Is it art? Installation of empty champagne bottles ends up in trash

Imagine the morning after a party: the hangover and the mess left by late-night guests. A cleaning woman at an Italian museum mistook an art installation featuring dozens of empty champagne bottles and spent party poppers for garbage and binned it.

“Where shall we go dancing tonight?” was designed to represent the consumerism, fraud, mass media and wild parties of the 1980s.

“This installation is kind of a metaphor for the end of the parties of the 80s in Italy, the end of the decade,” Letizia Ragaglia, head of the Museion Bozen-Bolzano in the northern Alto Adige region, told RT.

The problem was the wacky art installation looked authentic enough to pass for the real thing, and in the long run it did. When a cleaning lady, who had just started working at the museum, came to work and saw empty champagne bottles and party poppers scattered on the floor she probably thought, 'Oh, there's a lot to clean.'

After realizing the mistake, museum staff rushed to rescue the missing 'art ingredients' from rubbish sacks and recreated the dolce vita artwork from scratch.

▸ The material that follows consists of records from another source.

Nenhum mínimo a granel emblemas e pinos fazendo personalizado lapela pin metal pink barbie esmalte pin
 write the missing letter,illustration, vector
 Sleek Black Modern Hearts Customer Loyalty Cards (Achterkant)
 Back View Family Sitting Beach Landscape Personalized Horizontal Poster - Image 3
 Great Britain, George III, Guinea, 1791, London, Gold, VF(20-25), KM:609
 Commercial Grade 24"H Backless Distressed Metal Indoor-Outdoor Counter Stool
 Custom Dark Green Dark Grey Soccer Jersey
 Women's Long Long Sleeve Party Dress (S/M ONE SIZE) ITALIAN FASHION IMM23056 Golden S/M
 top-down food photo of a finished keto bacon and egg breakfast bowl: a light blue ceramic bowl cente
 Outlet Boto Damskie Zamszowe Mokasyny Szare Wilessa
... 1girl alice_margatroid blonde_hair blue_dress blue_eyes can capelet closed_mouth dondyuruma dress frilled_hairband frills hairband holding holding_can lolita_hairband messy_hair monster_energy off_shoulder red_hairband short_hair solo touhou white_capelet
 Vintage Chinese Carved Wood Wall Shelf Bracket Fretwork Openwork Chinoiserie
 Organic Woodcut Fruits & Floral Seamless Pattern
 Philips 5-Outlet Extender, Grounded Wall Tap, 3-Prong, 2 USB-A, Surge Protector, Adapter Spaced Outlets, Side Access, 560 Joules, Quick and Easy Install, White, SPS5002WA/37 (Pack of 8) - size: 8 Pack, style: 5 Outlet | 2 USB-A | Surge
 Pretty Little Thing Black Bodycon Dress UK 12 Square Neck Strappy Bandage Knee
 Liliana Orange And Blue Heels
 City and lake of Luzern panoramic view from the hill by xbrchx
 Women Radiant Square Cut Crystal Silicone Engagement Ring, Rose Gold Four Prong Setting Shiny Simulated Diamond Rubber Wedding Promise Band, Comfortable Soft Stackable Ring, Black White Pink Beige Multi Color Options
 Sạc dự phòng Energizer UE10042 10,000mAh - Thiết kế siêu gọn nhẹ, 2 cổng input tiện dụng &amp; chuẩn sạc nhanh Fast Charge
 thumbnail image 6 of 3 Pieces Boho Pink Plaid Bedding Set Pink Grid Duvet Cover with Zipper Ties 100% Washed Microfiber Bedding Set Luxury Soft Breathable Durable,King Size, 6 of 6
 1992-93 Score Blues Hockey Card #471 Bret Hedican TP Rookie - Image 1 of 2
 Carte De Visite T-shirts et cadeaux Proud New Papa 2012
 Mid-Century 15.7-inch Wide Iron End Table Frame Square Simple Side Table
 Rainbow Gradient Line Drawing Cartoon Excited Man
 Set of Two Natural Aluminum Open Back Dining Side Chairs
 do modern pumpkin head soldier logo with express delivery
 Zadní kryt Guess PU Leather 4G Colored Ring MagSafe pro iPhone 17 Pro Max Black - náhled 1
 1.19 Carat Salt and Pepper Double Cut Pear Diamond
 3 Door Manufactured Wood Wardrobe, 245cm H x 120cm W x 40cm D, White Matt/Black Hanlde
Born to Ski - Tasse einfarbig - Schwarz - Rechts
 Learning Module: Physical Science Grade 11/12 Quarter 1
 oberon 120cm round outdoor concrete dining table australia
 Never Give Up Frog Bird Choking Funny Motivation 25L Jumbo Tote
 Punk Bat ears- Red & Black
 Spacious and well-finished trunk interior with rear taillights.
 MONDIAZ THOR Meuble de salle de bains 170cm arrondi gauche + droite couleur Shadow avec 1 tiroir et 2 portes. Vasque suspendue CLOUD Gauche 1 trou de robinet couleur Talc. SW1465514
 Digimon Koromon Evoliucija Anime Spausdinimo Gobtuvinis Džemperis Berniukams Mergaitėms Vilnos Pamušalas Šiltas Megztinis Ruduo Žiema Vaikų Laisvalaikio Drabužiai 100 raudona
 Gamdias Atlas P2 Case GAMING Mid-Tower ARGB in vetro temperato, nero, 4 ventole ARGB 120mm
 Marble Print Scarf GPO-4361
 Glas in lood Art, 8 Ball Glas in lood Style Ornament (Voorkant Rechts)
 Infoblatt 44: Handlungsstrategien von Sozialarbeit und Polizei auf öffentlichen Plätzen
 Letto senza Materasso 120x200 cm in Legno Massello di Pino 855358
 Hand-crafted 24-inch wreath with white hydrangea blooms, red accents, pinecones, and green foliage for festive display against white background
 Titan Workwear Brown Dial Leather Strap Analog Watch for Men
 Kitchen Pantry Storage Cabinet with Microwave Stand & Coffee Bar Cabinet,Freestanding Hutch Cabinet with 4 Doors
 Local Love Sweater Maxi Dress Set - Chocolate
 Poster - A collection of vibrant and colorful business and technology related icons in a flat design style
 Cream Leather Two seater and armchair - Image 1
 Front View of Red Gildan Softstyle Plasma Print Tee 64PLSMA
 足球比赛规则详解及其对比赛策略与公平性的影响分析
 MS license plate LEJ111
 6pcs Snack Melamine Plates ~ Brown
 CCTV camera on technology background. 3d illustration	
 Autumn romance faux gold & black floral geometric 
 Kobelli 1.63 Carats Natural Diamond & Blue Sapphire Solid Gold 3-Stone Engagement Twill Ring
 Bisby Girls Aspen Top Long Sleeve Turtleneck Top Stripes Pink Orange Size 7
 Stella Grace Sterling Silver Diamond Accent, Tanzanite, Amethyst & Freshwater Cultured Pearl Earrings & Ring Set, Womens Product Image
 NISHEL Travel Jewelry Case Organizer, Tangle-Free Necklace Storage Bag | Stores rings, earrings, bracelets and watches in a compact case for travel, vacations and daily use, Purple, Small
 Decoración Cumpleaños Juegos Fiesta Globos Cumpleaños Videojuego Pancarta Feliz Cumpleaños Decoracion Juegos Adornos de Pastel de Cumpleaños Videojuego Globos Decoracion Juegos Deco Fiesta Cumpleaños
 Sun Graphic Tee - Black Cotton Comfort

“We had really bad luck. There was a misunderstanding,” Ragaglia said, adding that the good thing about it was the incident sparked a debate about modern art.

“There are also many people who thought that we did it on purpose... but it's not true. It happened, and at the very first moment we were kind of terrified. And then we realized that it was good for us.”

However, the creators of the installation, Sara Goldschmied and Eleonora Chiari, were rather dismayed.

“It cannot be possible for an installation to end up in the rubbish bin,” they were quoted as saying by Alto Adige newspaper.

The show will be open to the public until November 22.

READ MORE: ‘Busted’ Snowden bust back in New York, this time as street art exhibit

It's not the first time modern artworks have been misunderstood. In 2014, a cleaner in southern Italy mistakenly trashed artworks, whose value was estimated at €10,000, she thought to be rubbish. One of the pieces, supposed to be shown in Bari, featured biscuit crumbs scattered on the floor.

In 2001, cleaners threw away a work by Damien Hirst, mistaking it for rubbish. The artwork was made up of empty bottles, full ashtrays and cigarette boxes.